Exercise goal> When you reach the line containing "Shop Impressions Boutique Green Flowy Dress" in the records below, start copying exactly, and stop once you have copied the line containing "Legno Cider Mill, Springfield, Vermont, USA".

Data for processing>
□ □ □

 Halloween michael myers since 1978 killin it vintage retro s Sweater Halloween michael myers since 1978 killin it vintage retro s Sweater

□ □ □

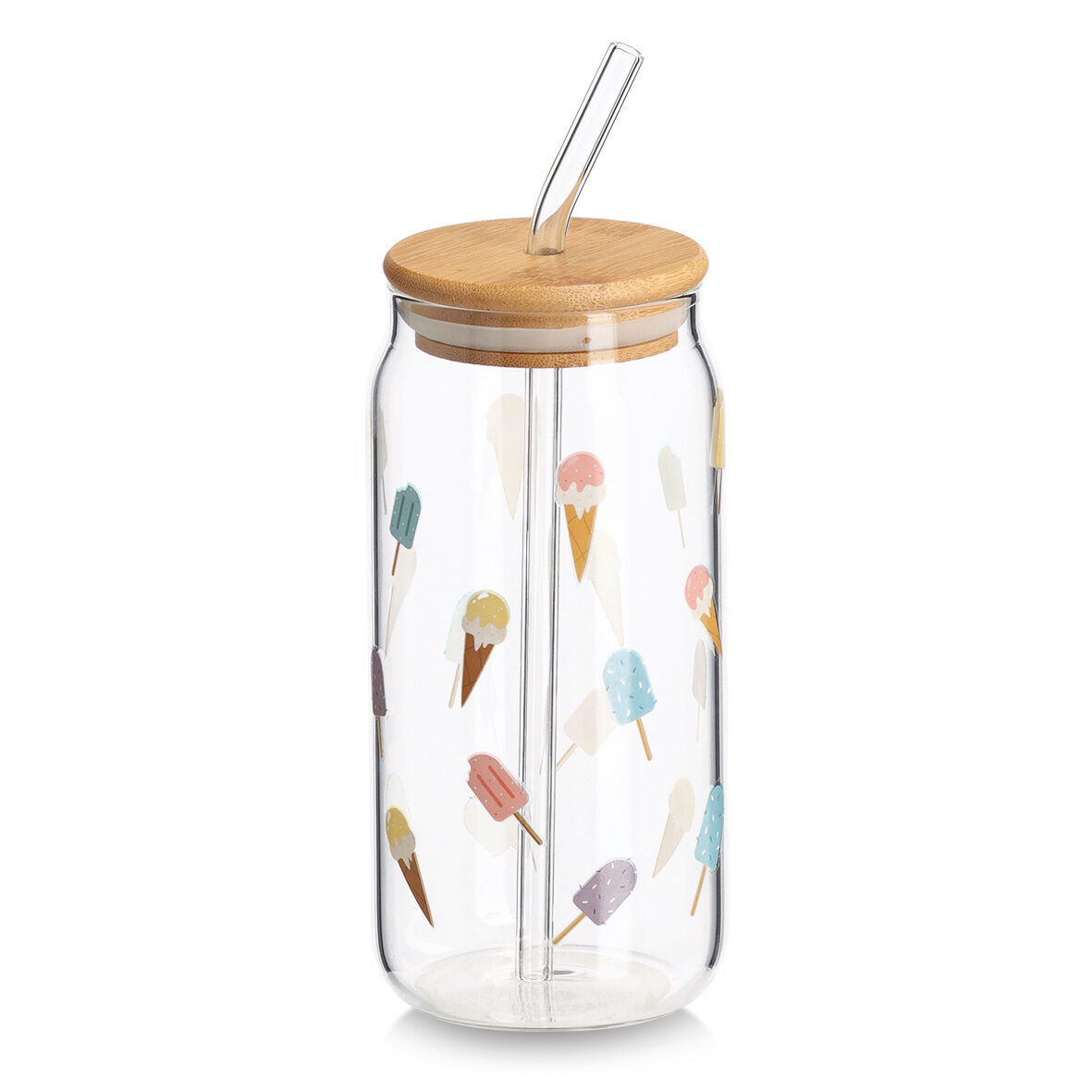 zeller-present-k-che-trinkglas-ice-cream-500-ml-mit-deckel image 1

□ □ □

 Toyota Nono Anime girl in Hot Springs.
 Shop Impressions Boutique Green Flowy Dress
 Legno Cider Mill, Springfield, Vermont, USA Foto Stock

□ □ □

Your response>
 Shop Impressions Boutique Green Flowy Dress
 Legno Cider Mill, Springfield, Vermont, USA Foto Stock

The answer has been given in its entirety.